Así, este grupo de profesionales consiguieron constituir una atmósfera en dónde todo podía pasar, y nada sobraba. Es más, después de cada escena/ cambio de vestuario de Rocío Molina, yo me preguntaba cómo ella enlazaría lo que ha expuesto hasta ahora con el final de la pieza. Y si a ello lo sumamos con que el formato de Caída del Cielo puede llegar a recordar al de un concierto (en donde el vocalista del grupo interactúa con sus fans de un modo diferente en cada una de las canciones que interpreta), pues, cabe que haya estado fluctuando con diferentes intensidades, ritmos…, con la finalidad de dibujar en escena una suerte de “orografía”, para que, nosotros los espectadores, se nos dirija a través de incontables recovecos.
Hubo escenas llenas de un humor travieso y surrealista: sí, de esos momentos en donde uno está seguro de que su creador y director por fin encontró el “pretexto” para soltar el “chascarrillo” que lleva un tiempo representándose en su cabeza. Lo cual no implicó que la obra derive a una banalización de lo que haya contado hasta aquél instante. Al final cabo, parte del arte de montar una pieza está en encontrar enlaces que permitan entrar en una nueva “estancia” de su arquitectura. Asimismo, otras escenas nos remitían, performáticamente, al cómo una mujer va creciendo como un ser íntegro, a la par que su cuerpo da muestras del paso de los años. Mientras tanto, disfrutará de celebraciones hasta altas horas de la madrugada, en donde se abraza con fuerza a estados de lucidez, en los que sería un “desperdicio” que esa persona no exhibiera todo lo que está brotando en su interior.
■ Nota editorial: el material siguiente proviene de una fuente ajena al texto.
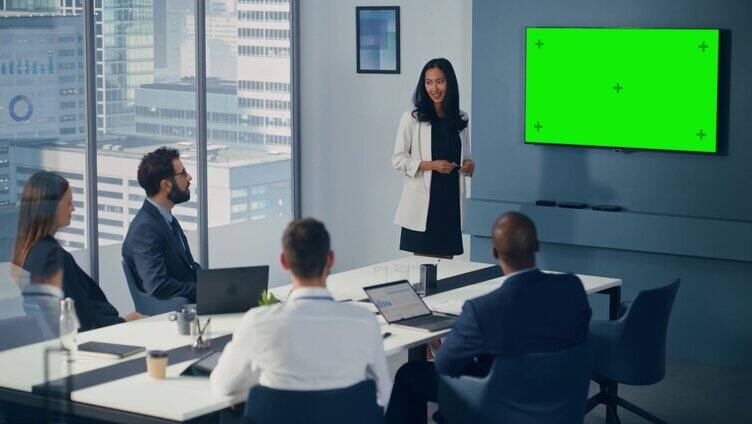 多元办公室会议室会议:亚洲女性项目经理用绿屏色度键墙电视为快乐投资团队呈现数字投资机会。静态的广角镜头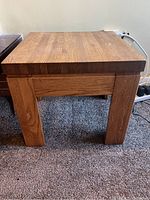 Front and side view of the vintage solid oak side table displaying its thick square legs and sturdy construction.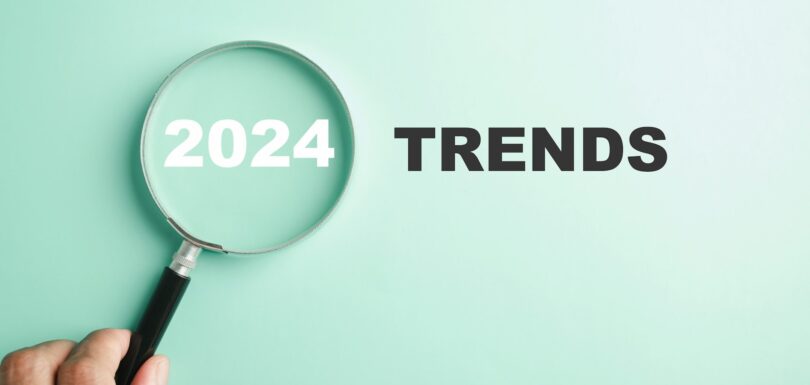 magnifier glasses reveal the words New Year 2024 Trends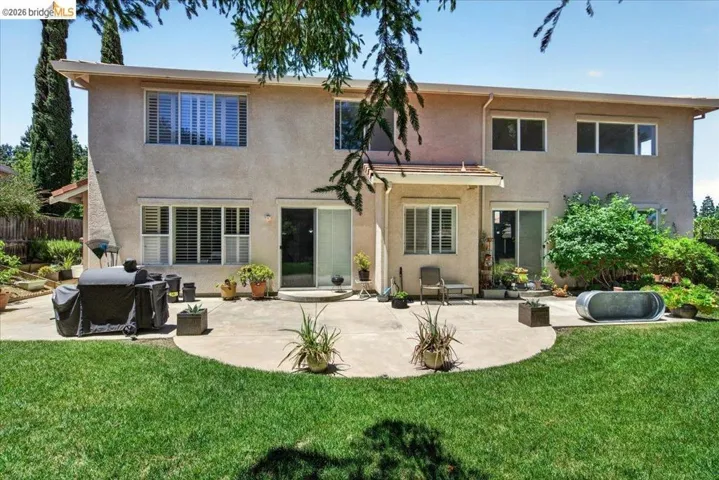 Spacious backyard featuring a large concrete patio, expansive lawn area, and mature landscaping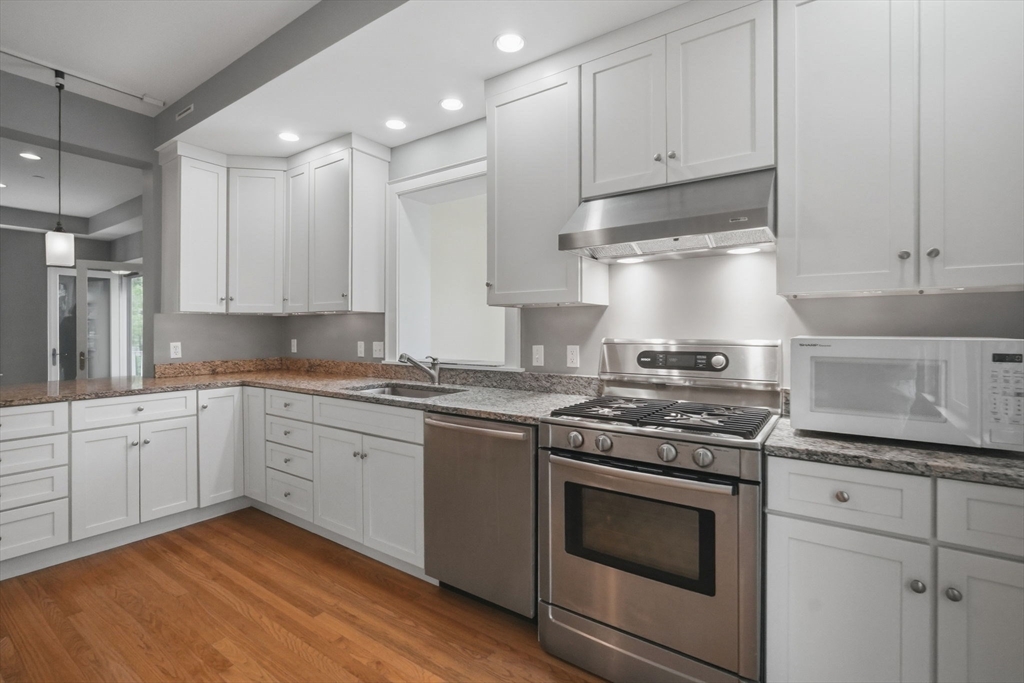 151 Amity Street, Unit 2 Amherst, MA 01002 - Photo 19 of 42 a kitchen with granite countertop cabinets stainless steel appliances and a sink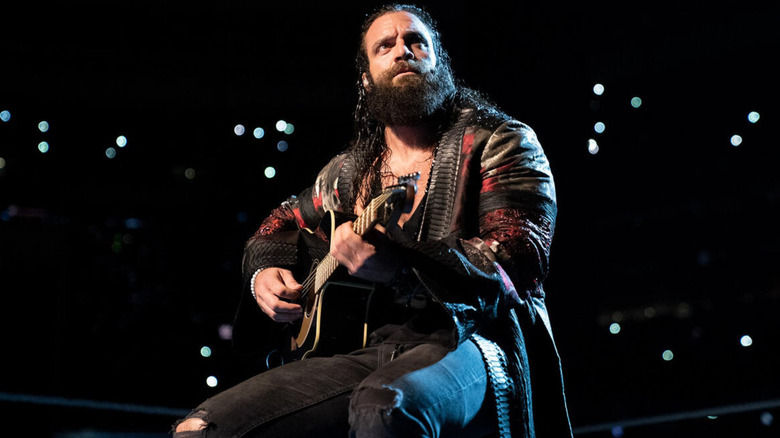 Former WWE Star Elias playing the guitar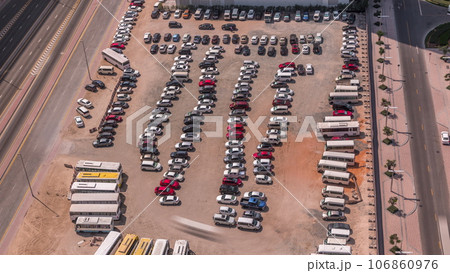 Aerial view of a parking lot with many cars in rows timelapse 106860976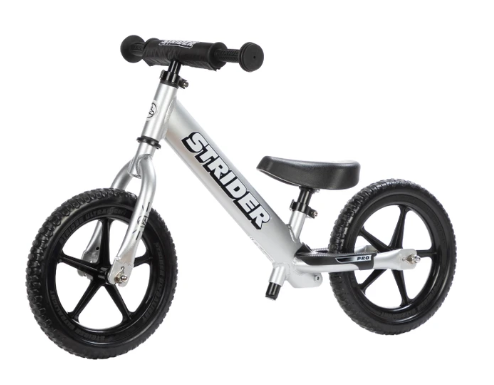 Silver and black children's balance bike with adjustable seat and foam tires.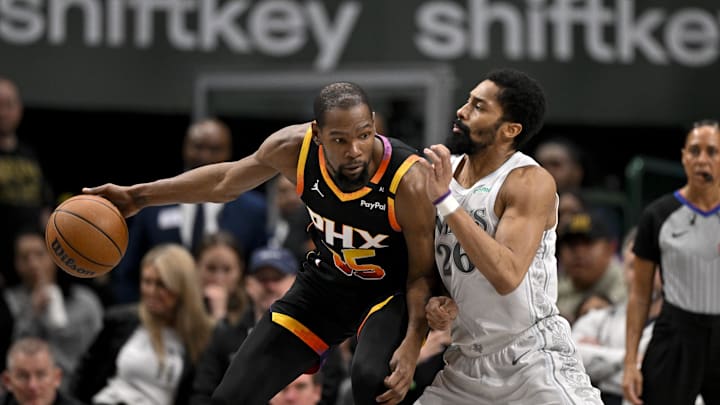 Mar 9, 2025; Dallas, Texas, USA; Phoenix Suns forward Kevin Durant (35) moves to the basket against Dallas Mavericks guard Spencer Dinwiddie (26) during the second half at the American Airlines Center. Mandatory Credit: Jerome Miron-Imagn Images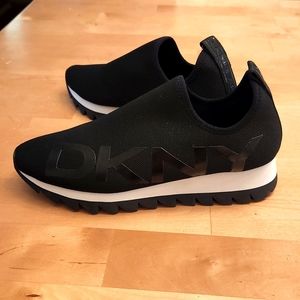 Black DKNY slip on sneakers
Esto, posteriormente, precisará ser meditado, digerido…, dando lugar a exploraciones interiores en la que el individuo trata de traducir y canalizar lo que está pasando dentro y fuera de sí. Un estadio en el que todavía no sea han bifurcado los caminos de la poesía y la filosofía que podría surgir en uno mismo. Como pueden comprobar, Rocío Molina y su equipo nos ofrecieron uno de esos espectáculos en la que los espectadores que hayan venido a ser testigo de la versatilidad de estos profesionales, salieron satisfechos, y los que también buscamos un contenido que trascienda lo catártico, conseguimos un apartado más por profundizar en cuanto volvamos a nuestro “foro interno”, pensando sobre lo que nos ha interpelado de esta pieza. De verdad, que ha sido un absoluto placer y privilegio contemplar a Rocío Molina fundamentando el por qué ella hace lo que considera conveniente para su con su arte.